#### Exercise objective:
Every line of the data below is to be given again as it appears, with the images removed.

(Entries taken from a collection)
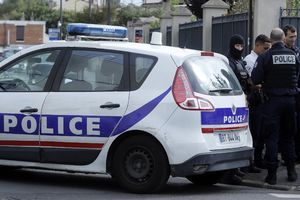 UŽAS U FRANCUSKOJ: Jevrejka izbodena u svom stanu, na vratima policija ugledala jeziv simbol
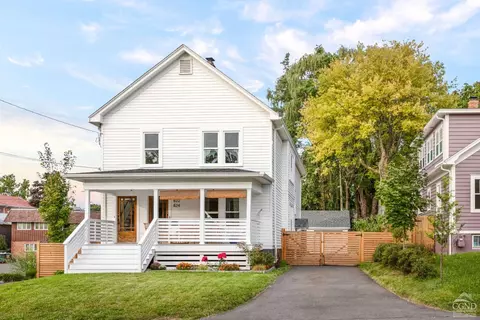 822 Union St, Hudson, NY 12534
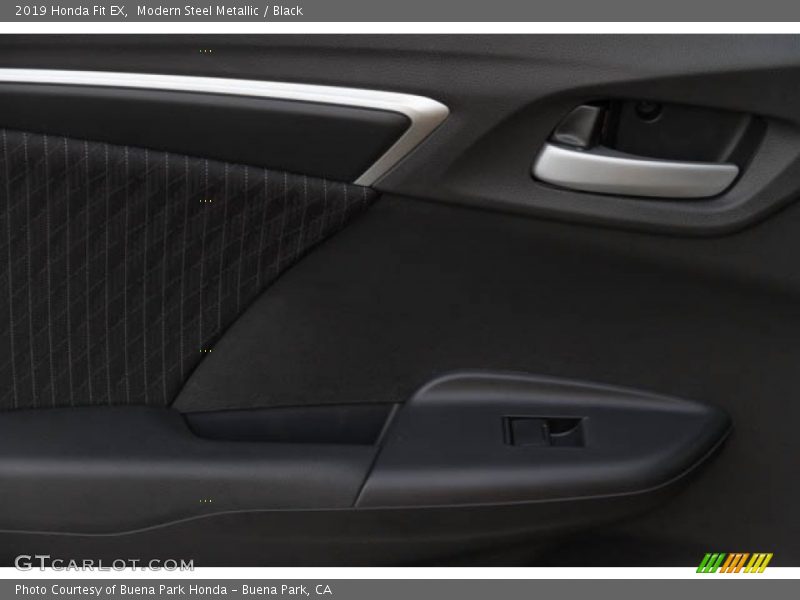 Modern Steel Metallic / Black 2019 Honda Fit EX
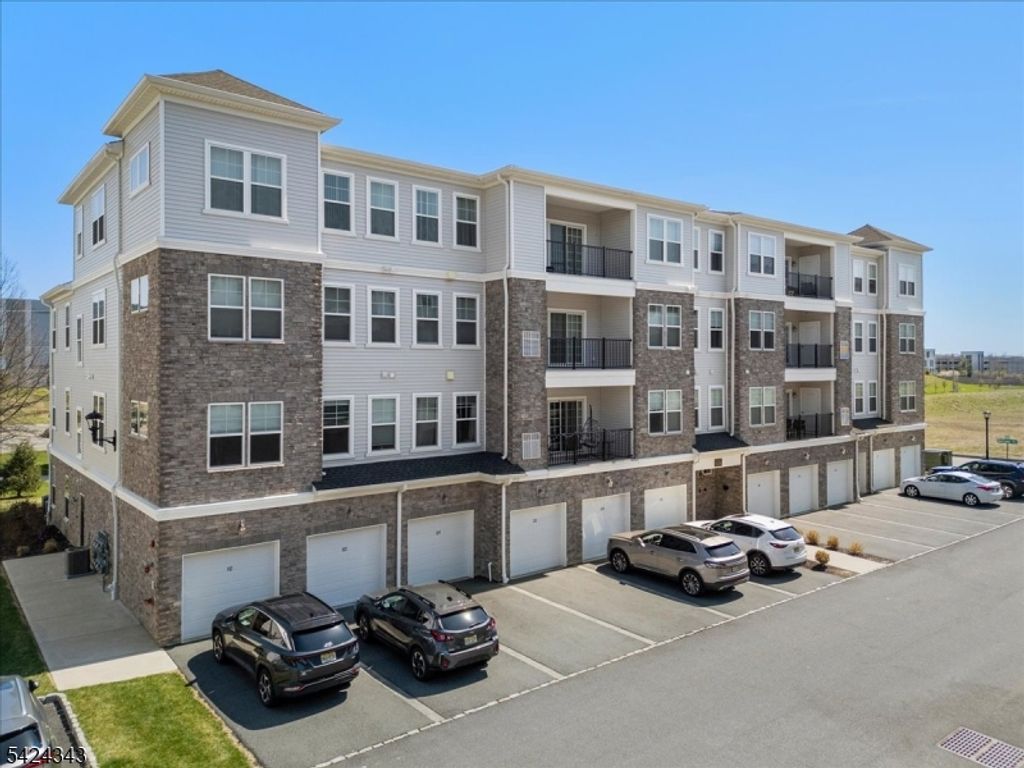 11 Veterans Way 111, Morris Plains Boro, NJ 07950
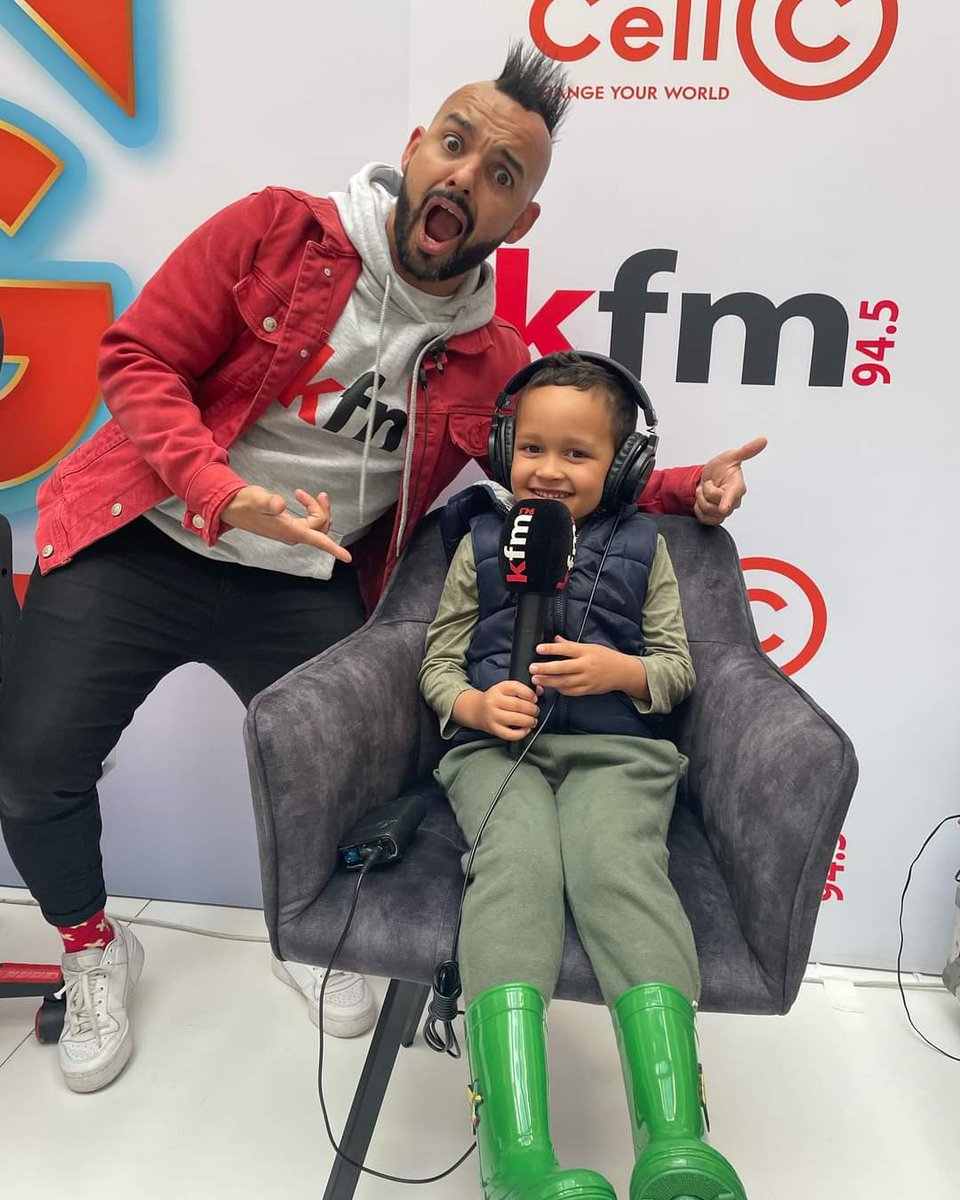 KFMza's tweet photo. @carlwastie's job is in jeopardy! Heโs got some serious competition here!
Come down and meet Carl Wastie at the @CellC Zone at @Tygervalley today! Heโs here until 2pm ๐คฉ
#ChangeYourWorld
#WinWithCellC
#KfmTop40
#WinBigWithCellC https://t.co/xxRFFUHDNk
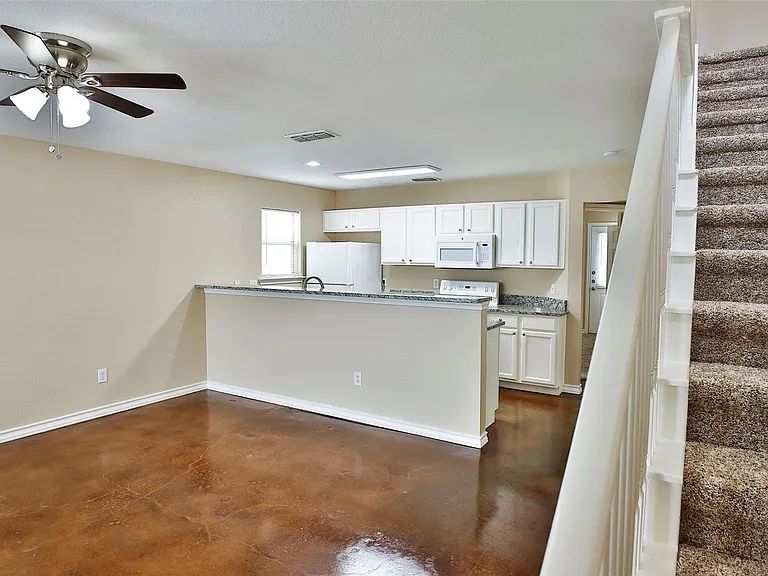 7705 Stanley Ct — Photo 2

#### The completed task:
 UŽAS U FRANCUSKOJ: Jevrejka izbodena u svom stanu, na vratima policija ugledala jeziv simbol
 822 Union St, Hudson, NY 12534
 Modern Steel Metallic / Black 2019 Honda Fit EX
 11 Veterans Way 111, Morris Plains Boro, NJ 07950
 KFMza's tweet photo. @carlwastie's job is in jeopardy! Heโs got some serious competition here!
Come down and meet Carl Wastie at the @CellC Zone at @Tygervalley today! Heโs here until 2pm ๐คฉ
#ChangeYourWorld
#WinWithCellC
#KfmTop40
#WinBigWithCellC https://t.co/xxRFFUHDNk
 7705 Stanley Ct — Photo 2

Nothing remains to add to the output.